The company said Friday it had sales of $6.60 billion, with a profit per share of $1.26, in the January through March period. In the same quarter last year, McDonald's earned $1.23 a share on revenue of $6.55 billion. Analysts surveyed by FactSet and Bloomberg were looking for $1.26 on the bottom line, while the Reuters consensus outlook was $1.27. The sales expectation was right around $6.6 billion.
Directionally, same-store sales were a different matter. Comparable sales worldwide were down 1%, a number that was actually slightly better than the 1.1% decline projected by analysts. Still, it continues several months of shallow comparable sales for the Oak Brook, Ill., Big Mac seller. Whether it's a surprise in a slightly positive manner is secondary to the fact that comps aren't staying as elevated as McDonald's had grown accustomed to in years past.
Not exactly end times for a restaurant owner with the size and reach of McDonald's, but it is a trend it will want to reverse sooner rather than later. It will have a chance to do so in the months ahead when comps get easier, though April is expected to be "slightly negative," the company predicts.
But for now, back to the present. In the U.S., comparables were weaker than expected, declining 1.2% vs. the 0.9% drop that was foreseen. Even though a negative number was projected, it did mark the first time in years McDonald's has had a reading this poor for quarterly same-store sales. Every quarter back to the end of 2008 is represented on the line below:
Source: McDonald's, FactSet
CEO Don Thompson said he believes macroeconomic pressures will continue to burden the company for a time, and he cited what McDonald's views as a "challenging eating-out environment." With softer retail sales domestically, unrest among Europeans about the euro zone economy broadly, and a recent avian flu scare in Asia, McDonald's has been dealing with multiple external stresses, he said.
Despite these setbacks, Thompson pointed out the quarter contained its share of reasons to be pleased, even if they might be muted. "While our comparable sales were negative, we outperformed the competitive set and increased market share," he said on a conference call to discuss the numbers. Asked by an analyst for details, he said McDonald's believed it exceeded the informal-eating-out (IEO) sector overall by 1.4% in the quarter.

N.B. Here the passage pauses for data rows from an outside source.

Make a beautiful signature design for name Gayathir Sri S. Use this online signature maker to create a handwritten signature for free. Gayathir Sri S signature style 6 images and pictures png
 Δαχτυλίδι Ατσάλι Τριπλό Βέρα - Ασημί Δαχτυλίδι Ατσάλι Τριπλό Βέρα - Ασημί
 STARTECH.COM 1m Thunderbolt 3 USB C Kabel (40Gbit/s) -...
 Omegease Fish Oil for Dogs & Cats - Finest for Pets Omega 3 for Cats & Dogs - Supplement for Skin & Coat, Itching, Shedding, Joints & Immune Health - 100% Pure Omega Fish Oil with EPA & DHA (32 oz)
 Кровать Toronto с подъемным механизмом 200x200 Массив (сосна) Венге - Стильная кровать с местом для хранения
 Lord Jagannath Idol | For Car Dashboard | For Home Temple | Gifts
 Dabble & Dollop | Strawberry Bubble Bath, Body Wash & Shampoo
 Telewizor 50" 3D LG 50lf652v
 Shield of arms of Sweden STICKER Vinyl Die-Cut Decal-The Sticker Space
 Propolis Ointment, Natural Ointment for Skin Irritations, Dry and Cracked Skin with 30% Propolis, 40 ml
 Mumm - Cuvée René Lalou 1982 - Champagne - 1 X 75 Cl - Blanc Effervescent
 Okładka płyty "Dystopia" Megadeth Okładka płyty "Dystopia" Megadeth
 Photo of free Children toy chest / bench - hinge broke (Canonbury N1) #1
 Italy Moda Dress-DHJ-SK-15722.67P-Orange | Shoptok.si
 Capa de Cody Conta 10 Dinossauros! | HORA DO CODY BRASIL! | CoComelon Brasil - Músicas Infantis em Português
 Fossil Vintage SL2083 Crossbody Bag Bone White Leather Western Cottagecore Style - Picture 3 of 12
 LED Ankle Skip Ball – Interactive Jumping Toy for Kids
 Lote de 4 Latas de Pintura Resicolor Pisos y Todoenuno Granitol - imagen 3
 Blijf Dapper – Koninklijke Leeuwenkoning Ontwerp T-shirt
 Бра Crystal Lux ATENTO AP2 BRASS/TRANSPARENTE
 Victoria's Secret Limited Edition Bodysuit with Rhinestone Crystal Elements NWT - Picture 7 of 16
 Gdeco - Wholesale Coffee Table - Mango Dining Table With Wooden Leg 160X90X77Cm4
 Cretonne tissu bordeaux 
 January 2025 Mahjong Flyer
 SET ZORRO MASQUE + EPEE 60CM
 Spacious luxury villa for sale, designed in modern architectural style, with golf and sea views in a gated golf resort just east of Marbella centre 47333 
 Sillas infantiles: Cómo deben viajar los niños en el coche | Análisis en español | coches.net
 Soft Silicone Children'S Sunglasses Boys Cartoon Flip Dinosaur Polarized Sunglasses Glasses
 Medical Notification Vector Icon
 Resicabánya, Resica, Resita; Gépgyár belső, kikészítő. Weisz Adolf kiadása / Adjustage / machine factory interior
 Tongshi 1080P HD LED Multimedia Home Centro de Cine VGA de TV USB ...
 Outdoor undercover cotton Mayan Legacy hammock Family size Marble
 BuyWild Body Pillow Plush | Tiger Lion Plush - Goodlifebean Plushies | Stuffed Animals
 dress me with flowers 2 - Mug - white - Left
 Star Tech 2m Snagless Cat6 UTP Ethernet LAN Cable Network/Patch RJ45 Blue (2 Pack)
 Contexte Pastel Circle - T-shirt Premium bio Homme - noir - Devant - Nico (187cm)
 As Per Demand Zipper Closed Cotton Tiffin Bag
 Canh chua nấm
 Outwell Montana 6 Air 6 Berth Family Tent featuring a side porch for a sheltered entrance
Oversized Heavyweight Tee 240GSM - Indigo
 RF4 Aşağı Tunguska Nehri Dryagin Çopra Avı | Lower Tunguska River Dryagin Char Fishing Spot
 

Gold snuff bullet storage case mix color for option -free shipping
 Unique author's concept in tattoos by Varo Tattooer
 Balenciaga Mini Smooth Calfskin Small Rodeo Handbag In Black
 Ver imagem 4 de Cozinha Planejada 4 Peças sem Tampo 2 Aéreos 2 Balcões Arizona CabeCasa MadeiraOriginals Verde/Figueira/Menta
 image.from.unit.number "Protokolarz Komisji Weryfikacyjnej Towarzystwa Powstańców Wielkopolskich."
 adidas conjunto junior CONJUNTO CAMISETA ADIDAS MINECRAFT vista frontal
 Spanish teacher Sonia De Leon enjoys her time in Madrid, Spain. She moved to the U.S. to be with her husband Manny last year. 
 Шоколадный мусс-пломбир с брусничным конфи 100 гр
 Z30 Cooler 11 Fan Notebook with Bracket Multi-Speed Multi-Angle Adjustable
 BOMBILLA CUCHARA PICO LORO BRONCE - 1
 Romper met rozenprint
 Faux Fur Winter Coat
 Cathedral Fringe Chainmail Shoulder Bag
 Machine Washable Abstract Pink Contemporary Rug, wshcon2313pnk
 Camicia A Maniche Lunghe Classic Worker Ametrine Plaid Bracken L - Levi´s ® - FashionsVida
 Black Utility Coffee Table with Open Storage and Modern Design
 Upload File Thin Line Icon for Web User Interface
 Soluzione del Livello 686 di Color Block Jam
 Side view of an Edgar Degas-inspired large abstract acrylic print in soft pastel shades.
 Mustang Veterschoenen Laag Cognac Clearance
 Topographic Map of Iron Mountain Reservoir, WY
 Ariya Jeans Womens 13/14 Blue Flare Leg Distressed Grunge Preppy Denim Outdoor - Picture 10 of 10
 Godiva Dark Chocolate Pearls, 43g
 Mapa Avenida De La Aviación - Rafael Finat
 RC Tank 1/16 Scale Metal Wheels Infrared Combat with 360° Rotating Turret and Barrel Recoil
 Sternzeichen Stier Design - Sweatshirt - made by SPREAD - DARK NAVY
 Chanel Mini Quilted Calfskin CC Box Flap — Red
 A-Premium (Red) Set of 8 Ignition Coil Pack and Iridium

Comp sales are driven by the number of diners and the average check size. When one or both are in retreat, same-store sales will show that. McDonald's has been focusing on value pricing, though not necessarily dollar menu items specifically, in order to keep patrons happy. The dollar menu itself, executives explain, hasn't necessarily become a larger component of McDonald's fare. The sales figures instead are a result of the fact that the chain isn't able to push higher prices onto consumers because of the still fragile economy, in the U.S. and abroad.
"If inflation is not as high, we don't have as much pricing power," Thompson said. He added that the company doesn't "expect to see any significant improvements" in the short term. "And while comparisons will ease as we move through the year, it is not likely that the global [informal-eating-out] industry will improve dramatically."
McDonald's executives made sure to note the factors they can't do much about, namely less-then-stellar consumer confidence and the amount of disposable income people are willing to dedicate to fast food. The company's view is that expanding its portion of the industry is crucial, saying that is something over which it can exert a degree of control.
"For now it is a market share battle," said Chief Financial Officer Peter Bensen. The company, he said, is determined to build its slice of the customer pie, even if that means margins suffer somewhat. "That battle for market share becomes so critical to the long-term health of the business that we're willing to sacrifice a little bit of margin to maintain that traffic and grow the market share," Bensen said.
On the margins front, it can easily surrender a few points and still look good next to others in the fast-food arena. Below are the five-year averages of McDonald's and a group of its well-known competitors (numbers highlighted in yellow show the leaders):
From a forward price-to-earnings ratio perspective, McDonald's remains cheaper than several others it goes up against. At a 17.2, that's under Burger King (BKW), Yum! Brands (YUM), Wendy's (WEN) and Jack in the Box (JACK). However, it's also ahead of the stock's average in the measure. According to FactSet data, McDonald's has a mean five-year, next 12 months P/E of 15.4. The highest it's been in that time is 18.2.
Ultimately, it's important to remember the massive scale and brand recognition of McDonald's, which has its name on nearly 35,000 restaurants around the world. It's going through a rough patch, not a collapse by any stretch. Investors were irked enough to send the stock down 1.9% to $99.95 on the day, but this comes a week after it hit an all-time high above $103.
There doesn't seem to be a lot of panic at McDonald's, and not much among investors -- yet. The next few months will be telling, though. Thompson has set the table for an OK next couple of quarters, not a blockbuster display. If it's surprisingly strong, and McDonald's can turn in solid comps, shareholders will be glad to forget today's issues. If not, the record highs of April 2013 may be a remember-when conversaion.